When he found he’d cast up the same column of figures wrongly for the third time, he threw the book aside. He’d go down to the studio and catch up on developing the photos he’d taken before Liddy came.

At the back of his mind, firmly unacknowledged, was the hope that she might be in some of them.

The light was fading from the sky above the advancing sea as he walked towards the darkroom. Reddish gleams snagged themselves on the waves as they curled around the rocks at the Point. He could swear he could see a figure sitting there, right down at the end which would be covered when the tide was fully in, in a couple of hours’ time.

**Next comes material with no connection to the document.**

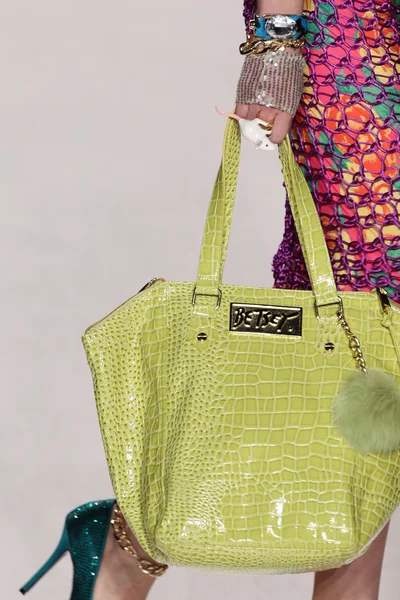 model yürür pist betsey johnson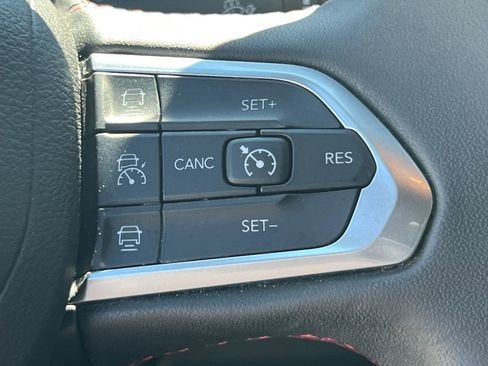 Used 2024 Jeep Compass Trailhawk image 25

It could be anybody, if it was somebody at all, he reasoned, straining his eyes in the uncertain light. Didn’t Liddy say she had something to do this evening? She’d be dining at the Grand Atlantic or one of the other hotels that lined the Prom. Why would she be sitting, all alone, on the Point?

His legs were taking him there without any conscious decision from his brain. His breath caught in his throat as he scrambled over the rocks.

She was staring out to sea

Liddy was staring out to sea with a kind of rigid stillness that rang shrill warning bells in Cliff’s head.

All his instincts were telling him to pull her away from the advancing tide before she was swept away from him into the greedy sea, to hold her close to him, but he was afraid of what she might do if he did.

“Hello!” he ventured, squatting on a rock just above her.

She didn’t turn her head, or seem surprised at his presence. Cliff searched his mind for something to say that would neither scare her nor seem so banal as to fracture the taut silence.

“Liddy…”

“I was going to wait until midnight,” she said. He heard the rattle of pills as she lifted the bottle from her lap. “I was so sure, but now I’m not.” She scrambled to her feet. “Come with me, Cliff. Please?”

He would go to the ends of the earth with her, if she only knew it.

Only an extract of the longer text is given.